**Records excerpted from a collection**

Segment Open

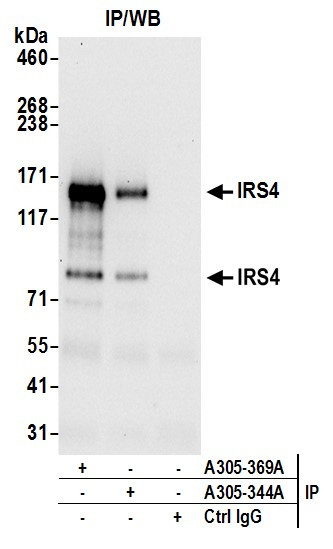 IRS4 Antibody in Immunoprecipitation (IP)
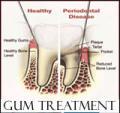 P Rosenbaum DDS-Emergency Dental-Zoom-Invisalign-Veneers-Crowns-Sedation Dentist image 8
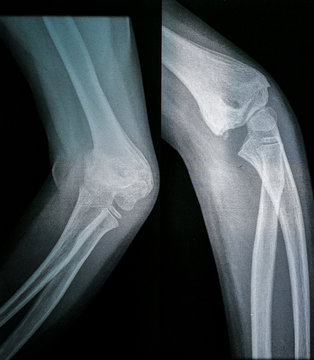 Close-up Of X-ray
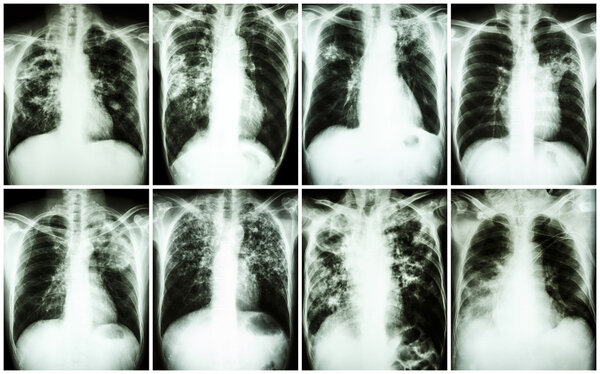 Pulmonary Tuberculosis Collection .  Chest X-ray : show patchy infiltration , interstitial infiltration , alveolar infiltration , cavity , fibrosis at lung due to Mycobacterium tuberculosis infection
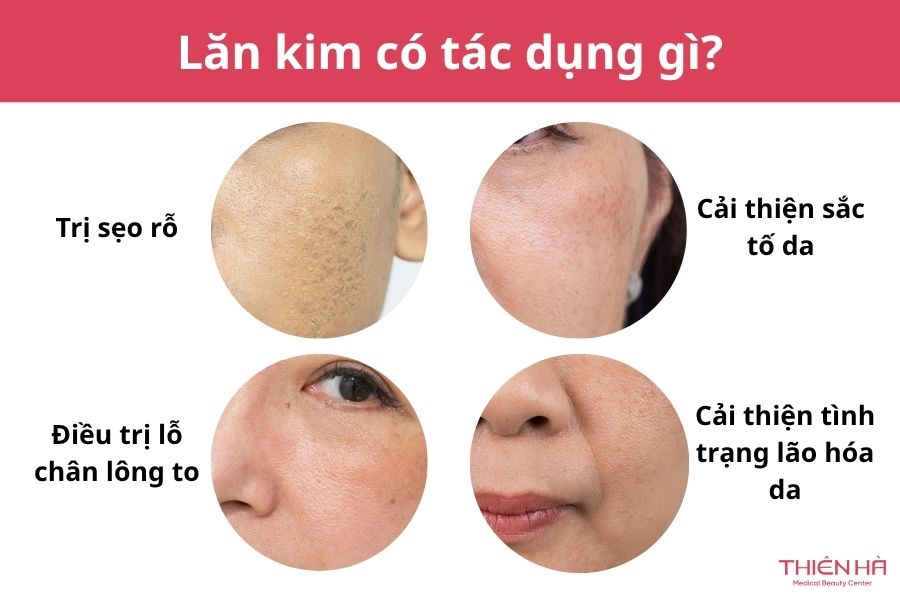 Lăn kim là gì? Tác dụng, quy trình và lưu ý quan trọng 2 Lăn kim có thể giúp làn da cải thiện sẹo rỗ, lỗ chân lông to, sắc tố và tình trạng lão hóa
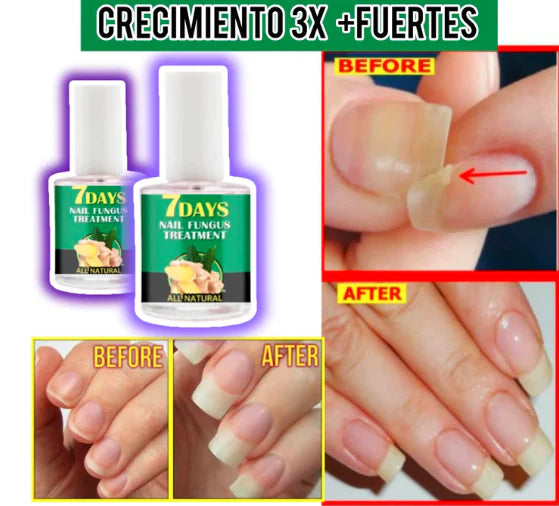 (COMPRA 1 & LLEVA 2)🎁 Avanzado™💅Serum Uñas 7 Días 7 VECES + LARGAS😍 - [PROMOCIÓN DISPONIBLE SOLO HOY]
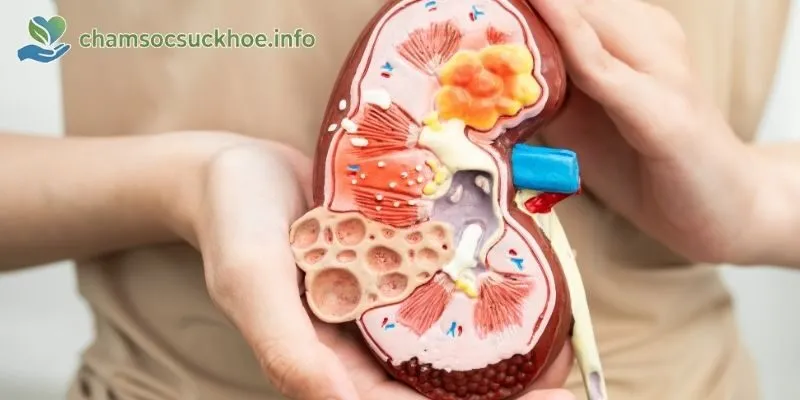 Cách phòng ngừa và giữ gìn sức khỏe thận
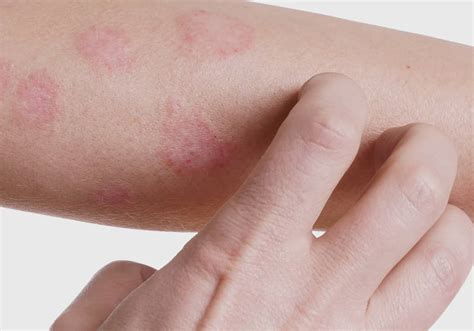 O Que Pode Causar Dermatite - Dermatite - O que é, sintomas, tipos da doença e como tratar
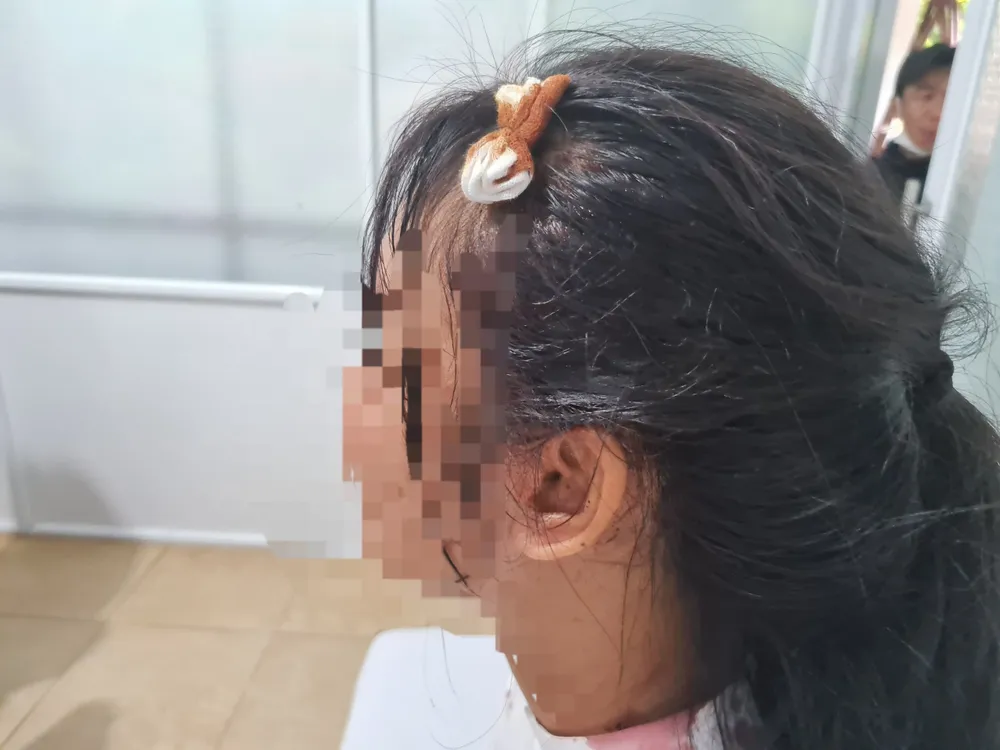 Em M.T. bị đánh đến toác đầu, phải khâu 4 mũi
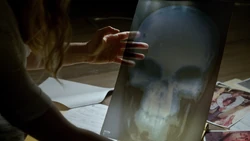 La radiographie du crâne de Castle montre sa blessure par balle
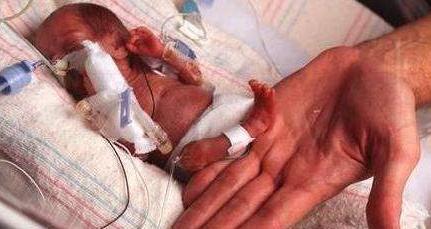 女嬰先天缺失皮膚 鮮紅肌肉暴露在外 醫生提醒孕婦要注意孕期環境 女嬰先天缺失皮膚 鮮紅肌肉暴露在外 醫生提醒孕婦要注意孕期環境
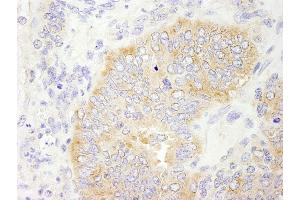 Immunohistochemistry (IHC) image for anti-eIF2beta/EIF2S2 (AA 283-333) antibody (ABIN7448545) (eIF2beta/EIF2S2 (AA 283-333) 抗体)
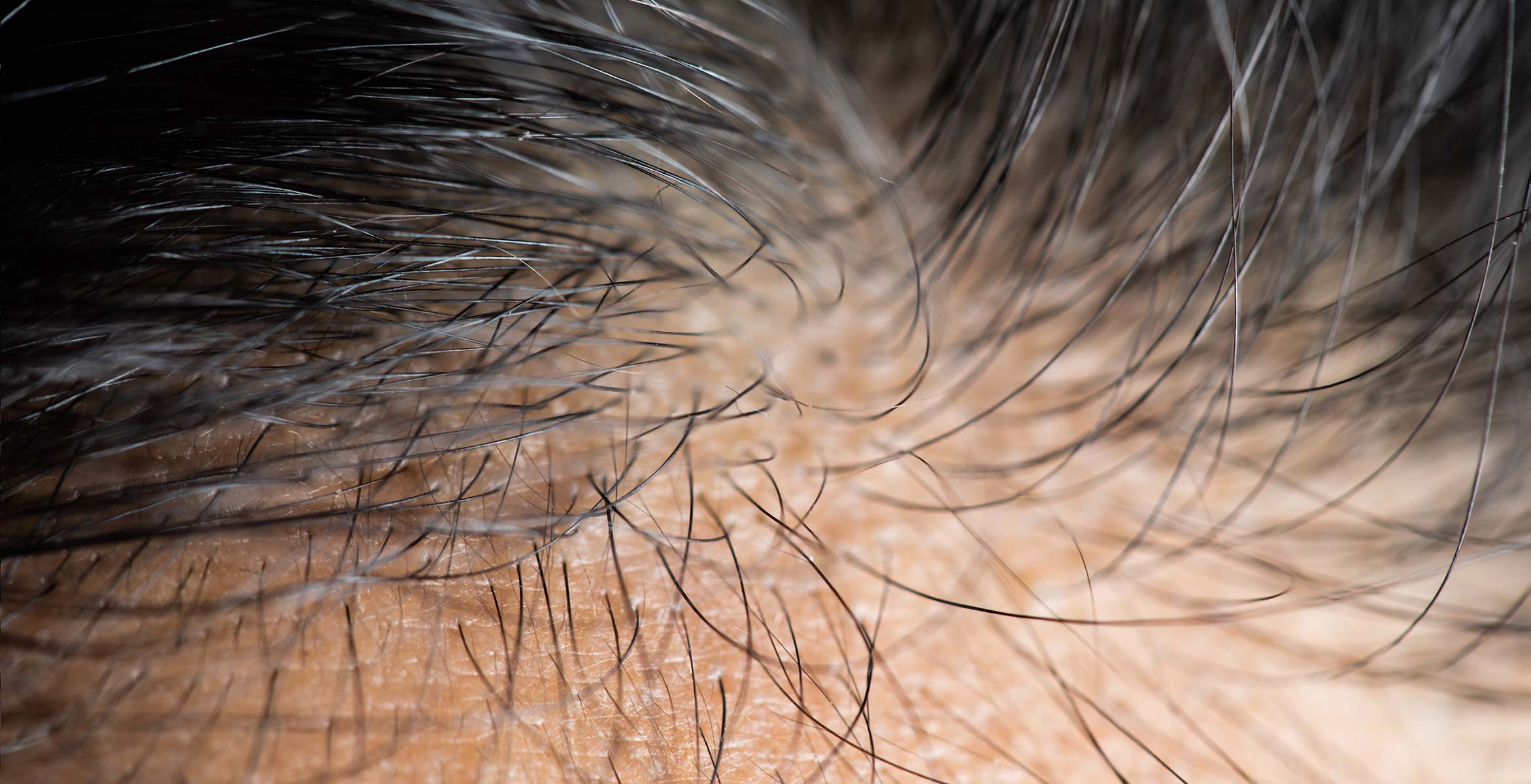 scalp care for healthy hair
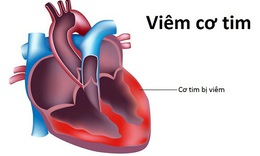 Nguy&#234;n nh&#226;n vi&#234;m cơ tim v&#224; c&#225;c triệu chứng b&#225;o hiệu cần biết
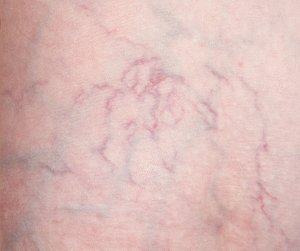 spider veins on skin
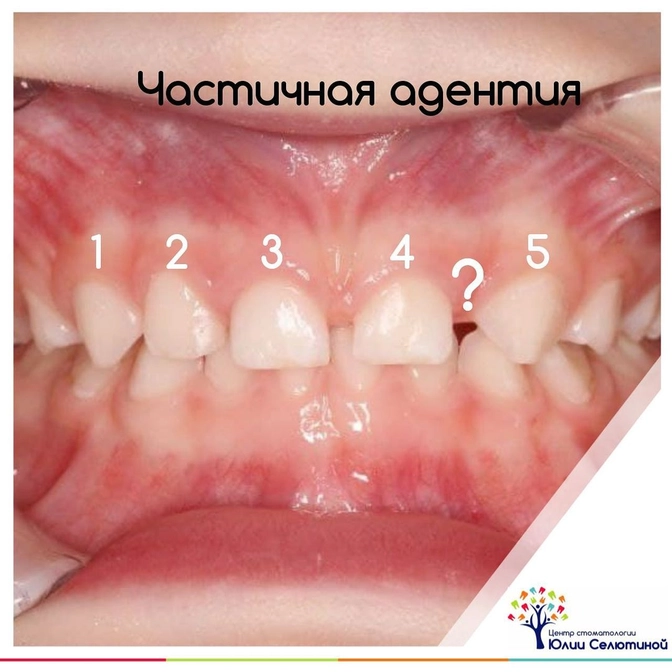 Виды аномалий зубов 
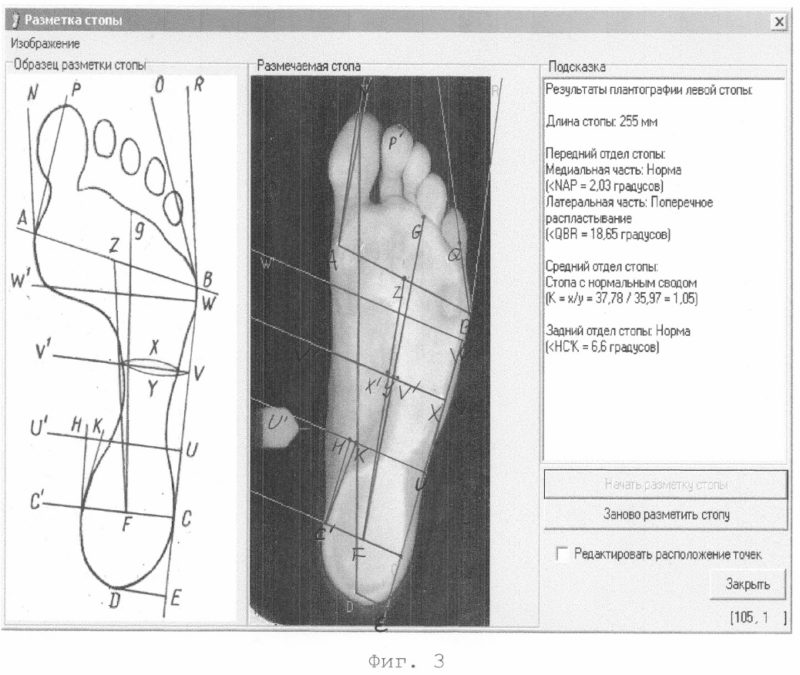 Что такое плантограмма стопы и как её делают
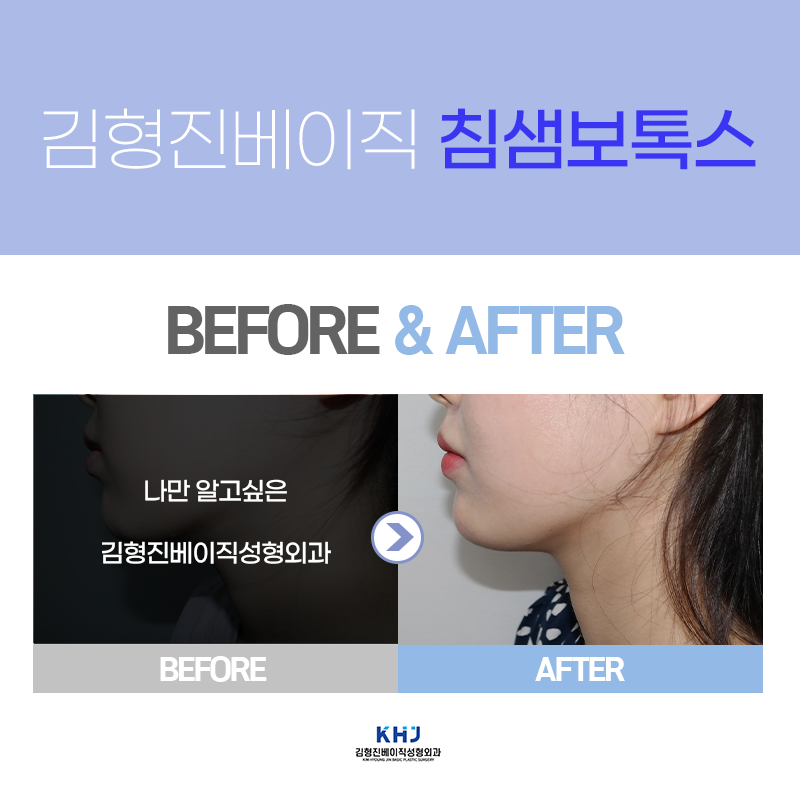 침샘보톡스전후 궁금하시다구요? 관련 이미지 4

Segment Closed

**Problem statement**
Starting with the line that holds "Close-up Of X-ray", print each line through the last one of the data exactly as written, but do not include the pictures.

**Problem solution**
 Close-up Of X-ray
 Pulmonary Tuberculosis Collection .  Chest X-ray : show patchy infiltration , interstitial infiltration , alveolar infiltration , cavity , fibrosis at lung due to Mycobacterium tuberculosis infection
 Lăn kim là gì? Tác dụng, quy trình và lưu ý quan trọng 2 Lăn kim có thể giúp làn da cải thiện sẹo rỗ, lỗ chân lông to, sắc tố và tình trạng lão hóa
 (COMPRA 1 & LLEVA 2)🎁 Avanzado™💅Serum Uñas 7 Días 7 VECES + LARGAS😍 - [PROMOCIÓN DISPONIBLE SOLO HOY]
 Cách phòng ngừa và giữ gìn sức khỏe thận
 O Que Pode Causar Dermatite - Dermatite - O que é, sintomas, tipos da doença e como tratar
 Em M.T. bị đánh đến toác đầu, phải khâu 4 mũi
 La radiographie du crâne de Castle montre sa blessure par balle
 女嬰先天缺失皮膚 鮮紅肌肉暴露在外 醫生提醒孕婦要注意孕期環境 女嬰先天缺失皮膚 鮮紅肌肉暴露在外 醫生提醒孕婦要注意孕期環境
 Immunohistochemistry (IHC) image for anti-eIF2beta/EIF2S2 (AA 283-333) antibody (ABIN7448545) (eIF2beta/EIF2S2 (AA 283-333) 抗体)
 scalp care for healthy hair
 Nguy&#234;n nh&#226;n vi&#234;m cơ tim v&#224; c&#225;c triệu chứng b&#225;o hiệu cần biết
 spider veins on skin
 Виды аномалий зубов 
 Что такое плантограмма стопы и как её делают
 침샘보톡스전후 궁금하시다구요? 관련 이미지 4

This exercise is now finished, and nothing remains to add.